Scholz se livre donc à un délicat exercice d’équilibrisme. Il a tenté d’utiliser l’influence allemande sur les dirigeants chinois pour faire pression sur la Russie. Après la réunion avec Xi Jinping et Li Keqiang, il a déclaré: «J’ai dit au président Xi qu’il était important que la Chine utilise son influence sur la Russie». Les deux gouvernements ont convenu que les menaces nucléaires russes étaient inacceptables.

Xi a également mis en garde contre les menaces nucléaires et a appelé à des pourparlers de paix. «En tant qu’États influents, la Chine et l’Allemagne doivent collaborer dans une époque de changement et de chaos pour promouvoir la paix et le développement», a-t-il déclaré.
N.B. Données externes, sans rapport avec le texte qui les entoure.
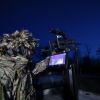 Russians attack Ukraine with Shaheds, areas under threat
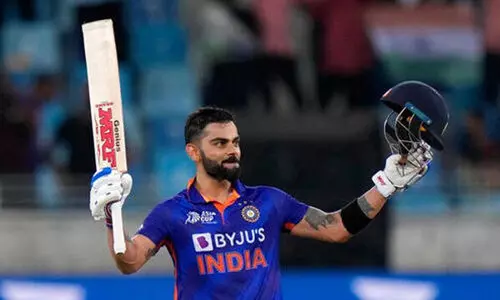 Virat Kohli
Li s’est distancié plus clairement qu’auparavant de la politique russe. «Nous ne pouvons pas nous permettre une autre escalade», a-t-il déclaré. «Nous ne voulons pas que la stabilité régionale, soit ébranlée que la production internationale et les chaînes d’approvisionnement soient déstabilisées».

Dans le même temps, Scholz tente d’atténuer la dépendance économique de l’Allemagne vis-à-vis de la Chine sans rupture brutale.
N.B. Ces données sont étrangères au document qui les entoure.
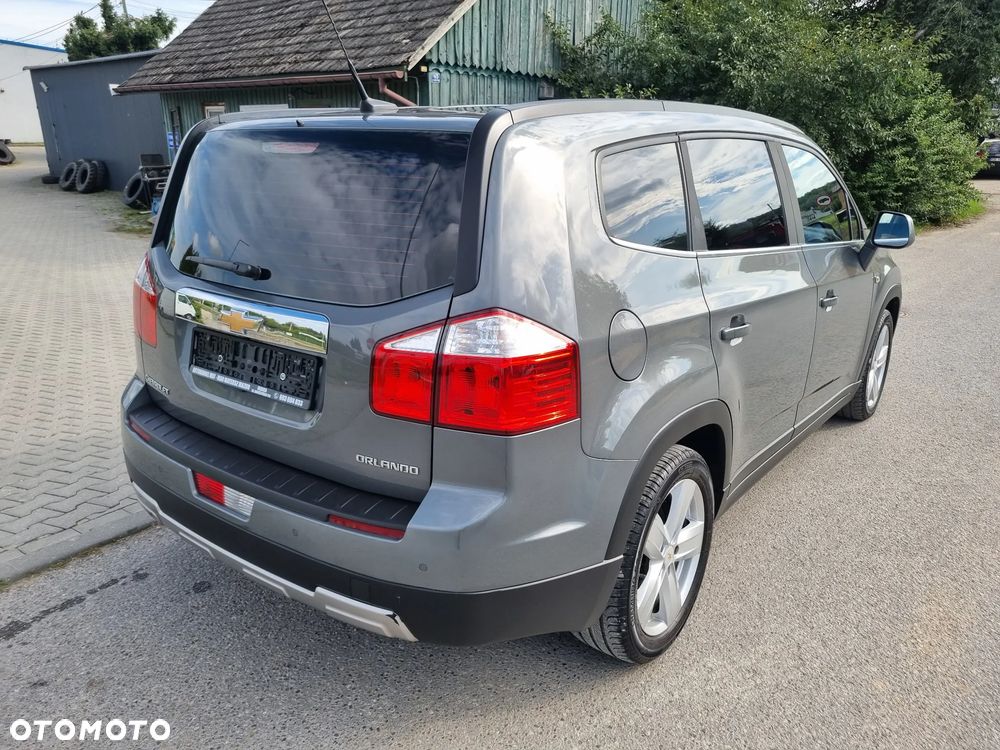 Chevrolet Orlando 1.8 LT - 7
Avant son départ pour la Chine, il a expliqué le but de sa visite dans un article invité pour le Frankfurter Allgemeine Zeitung (FAZ). Il a flatté la Chine en affirmant qu’elle «jouerait à l’avenir un rôle important sur la scène mondiale» et «resterait un partenaire économique et commercial important pour l’Allemagne et l’Europe.» En même temps, il a accusé la Chine de pratiques économiques déloyales et l’a menacée: «Nous allons donc réduire les dépendances unilatérales, dans le sens d’une diversification judicieuse». Il était nécessaire d’examiner les investissements chinois en Allemagne pour déterminer «si de telles affaires créaient ou renforçaient des dépendances risquées», a poursuivi Scholz.

Scholz n’a jamais laissé planer le moindre doute sur le fait que l’Allemagne se rangerait du côté des États-Unis et de leurs alliés en cas de nouvelle escalade du conflit avec la Chine.
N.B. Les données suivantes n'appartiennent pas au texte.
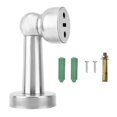 thumbnail image 1 of Stainless Steel Strong Magnetic Anti collision Door Stop Stopper Holder Catch Silver, 1 of 3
Le gouvernement allemand a déjà soutenu le coup d’État de droite en Ukraine en 2014, qui a finalement conduit à la guerre actuelle. En même temps, Berlin a essayé de maintenir des relations économiques avec la Russie. Lorsque cela n’a plus été possible, l’Allemagne est devenue le belliciste le plus agressif. Elle a utilisé la guerre comme excuse pour tripler ses dépenses militaires et réarmer massivement afin de redevenir la plus forte puissance militaire d’Europe.

Le gouvernement allemand a depuis longtemps signalé à la Chine dans quel camp il serait si l’on en venait à une guerre. L’armée allemande (Bundeswehr) participe avec des navires de guerre et des avions à des manœuvres militaires dirigées contre la Chine. Lors de sa visite, Scholz a débité les accusations et menaces habituelles. Il a mis la Chine en garde contre une intervention militaire à Taïwan qui – comme l’Ukraine auparavant – est en train d’être massivement réarmée par les États-Unis. Il a invoqué la validité universelle des droits de l’homme et a accusé le gouvernement chinois de persécuter les minorités musulmanes au Xinjiang. Cela n’était pas là une «ingérence dans les affaires intérieures», a affirmé Scholz.